Pumpkin bread is universally loved, right? I’m pretty sure people who don’t typically like pumpkin things still like pumpkin bread. So let’s skip the argument about baking this and just get to it!It’s mid September as I tweak this recipe and I must say, I think I got it this time. This is EASY, only takes about an hour, and then a fresh, dense but soft, moist loaf of pumpkin bread is all yours. I dare say, it rivals Starbucks pumpkin bread (but it’s way cheaper per serving and you know exactly what’s going in it).
Ingredients for loaf:
½ cup brown sugar
½ cup sugar
2 eggs
¼ cup vegetable oil
¼ cup coconut oil
1⁄3 cup water
1 (15 oz.) can pumpkin puree (ensure that you have chosen 100% pure pumpkin)
1 3⁄4 cups flour
1 teaspoon baking soda
1⁄2 teaspoon baking powder
1 teaspoon salt
2 teaspoons pumpkin pie spice
1 teaspoon cinnamon
Ingredients for topping:
2 tablespoons butter, melted
⅓ cup brown sugar
2 tablespoons milk
Preheat oven to 325°F. Beat together sugars, eggs, coconut oil, vegetable oil, water, and pumpkin in a stand mixer or with a whisk by hand, just until combined.
Slowly incorporate flour, baking soda, baking powder, salt, pumpkin pie spice, and cinnamon.

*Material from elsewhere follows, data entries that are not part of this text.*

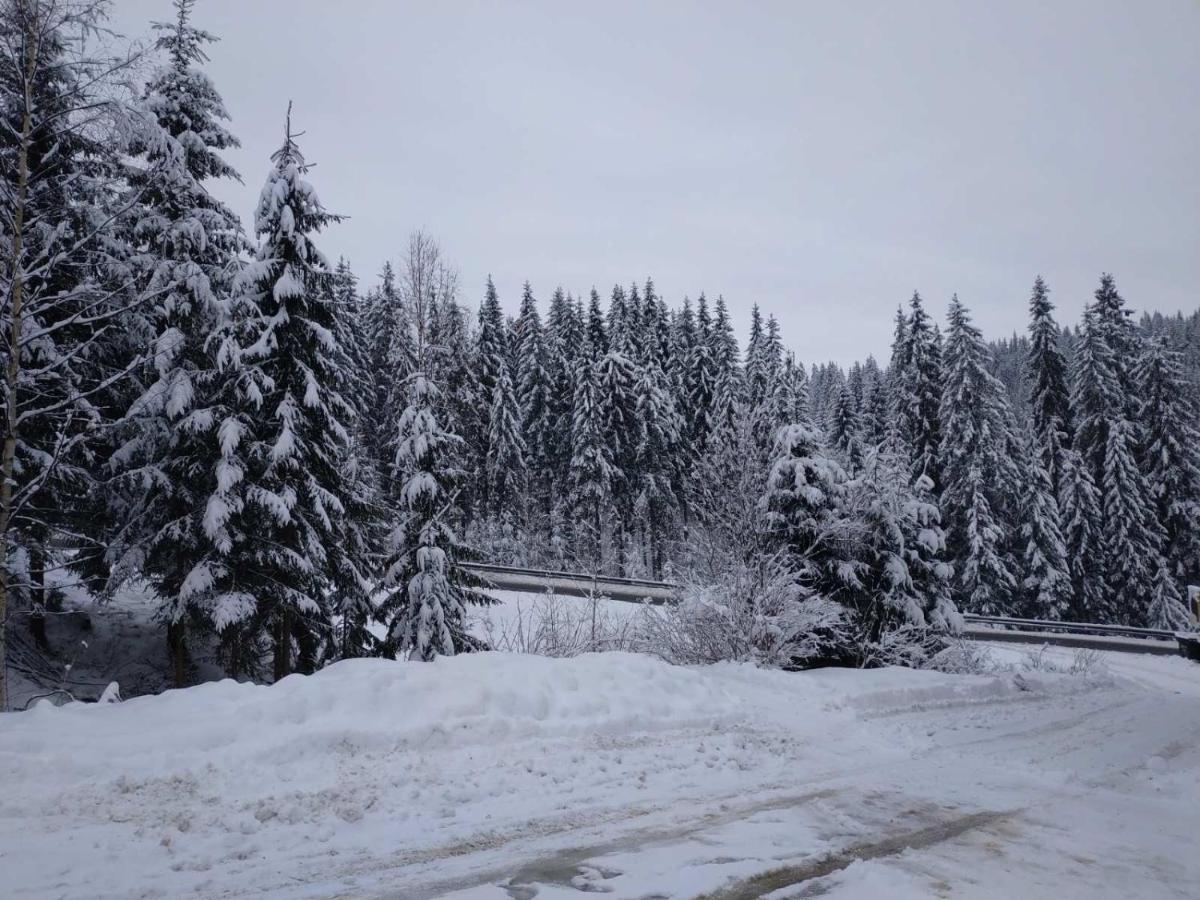 Садиба Mishel Yablunytsia Buitenkant foto
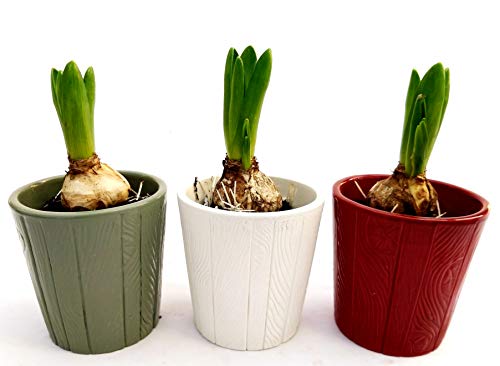 POWERS TO FLOWERS - SET 3 BULBI GIACINTO PROFUMATO ROSA, BIANCO E BLU, IN VASO CERAMICA, piante vere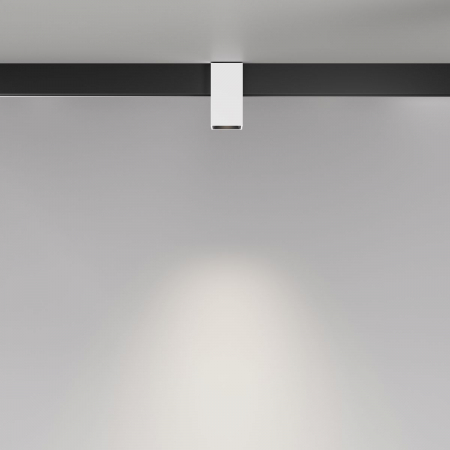 Maytoni TR121-2-7W4K-W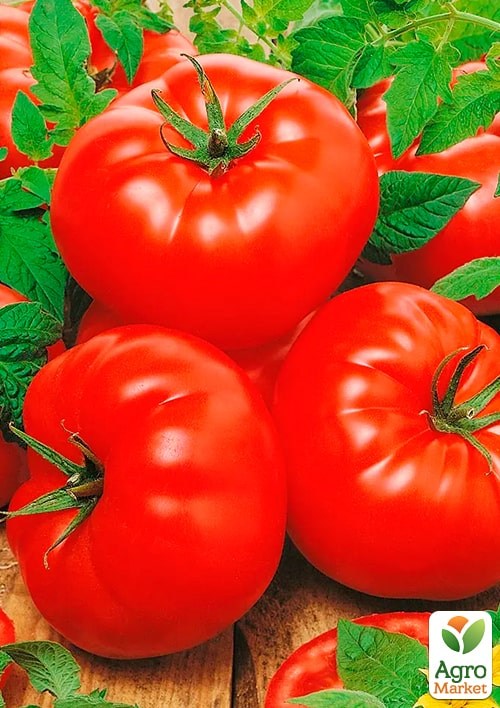 На развес Томат "Толстушка" ТМ "Весна" цена за 1г - фото 2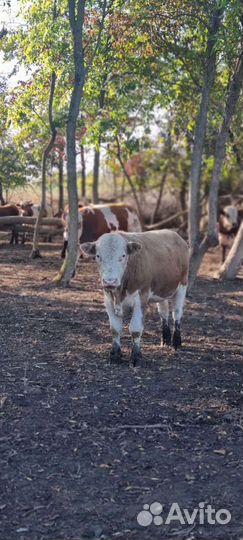 Бычки на откорм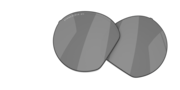prizm black polarized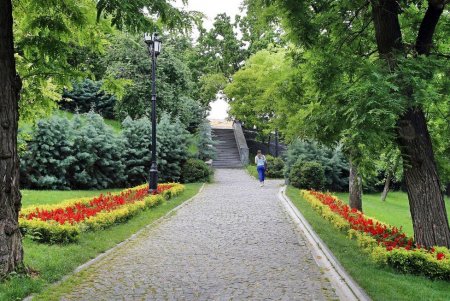 Одесса цветет и пахнет (фоторепортаж)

Grease your loaf pan with butter. Pour batter in pan. In a small bowl, mix the topping ingredients. Top your batter with this mixture.
Bake for 60 minutes.
It’s amazzzzing fresh, but my favorite way to enjoy it is cooled the day after. Hard to wait that long, but it gets super moist overnight with plastic wrap over it.
Hope you love it!
P.S. I’m on the hunt for new fall recipes… have any to share? Comment below!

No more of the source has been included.